The problem - Using the data below, copy every line that contains the word "White".

Recorded data -
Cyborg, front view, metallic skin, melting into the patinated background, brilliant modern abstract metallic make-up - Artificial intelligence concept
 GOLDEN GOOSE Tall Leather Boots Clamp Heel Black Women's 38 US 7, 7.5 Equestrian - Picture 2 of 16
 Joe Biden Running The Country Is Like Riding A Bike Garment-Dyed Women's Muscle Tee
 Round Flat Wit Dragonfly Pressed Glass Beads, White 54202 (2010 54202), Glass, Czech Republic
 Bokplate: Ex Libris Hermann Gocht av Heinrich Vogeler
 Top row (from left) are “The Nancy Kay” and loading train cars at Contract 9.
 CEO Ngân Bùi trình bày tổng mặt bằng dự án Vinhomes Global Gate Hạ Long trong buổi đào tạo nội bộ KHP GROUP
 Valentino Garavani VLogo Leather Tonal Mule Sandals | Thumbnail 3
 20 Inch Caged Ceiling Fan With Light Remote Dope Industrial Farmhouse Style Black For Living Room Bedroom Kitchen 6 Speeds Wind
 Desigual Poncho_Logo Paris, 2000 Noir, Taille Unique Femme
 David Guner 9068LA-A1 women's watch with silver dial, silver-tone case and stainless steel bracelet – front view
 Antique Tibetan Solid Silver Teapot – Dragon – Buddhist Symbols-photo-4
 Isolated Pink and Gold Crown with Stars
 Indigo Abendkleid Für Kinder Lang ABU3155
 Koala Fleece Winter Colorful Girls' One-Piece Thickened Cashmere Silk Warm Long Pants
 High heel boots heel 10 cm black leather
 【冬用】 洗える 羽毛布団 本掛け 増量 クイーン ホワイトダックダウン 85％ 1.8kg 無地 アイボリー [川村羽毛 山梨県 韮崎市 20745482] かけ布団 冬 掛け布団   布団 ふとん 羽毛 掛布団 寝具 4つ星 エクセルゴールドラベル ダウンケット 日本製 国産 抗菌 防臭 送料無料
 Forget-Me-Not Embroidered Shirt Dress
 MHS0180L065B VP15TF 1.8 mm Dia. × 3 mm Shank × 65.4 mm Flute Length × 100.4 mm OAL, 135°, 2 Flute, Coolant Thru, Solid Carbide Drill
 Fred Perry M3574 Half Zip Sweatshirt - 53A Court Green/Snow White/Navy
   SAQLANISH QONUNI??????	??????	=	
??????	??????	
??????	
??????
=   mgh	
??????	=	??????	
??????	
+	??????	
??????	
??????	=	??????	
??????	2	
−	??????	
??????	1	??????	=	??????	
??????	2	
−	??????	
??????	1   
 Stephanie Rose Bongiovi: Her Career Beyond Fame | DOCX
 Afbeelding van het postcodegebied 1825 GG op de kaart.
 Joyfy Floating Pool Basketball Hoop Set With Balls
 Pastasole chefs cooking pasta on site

Output below -
 Round Flat Wit Dragonfly Pressed Glass Beads, White 54202 (2010 54202), Glass, Czech Republic
 Fred Perry M3574 Half Zip Sweatshirt - 53A Court Green/Snow White/Navy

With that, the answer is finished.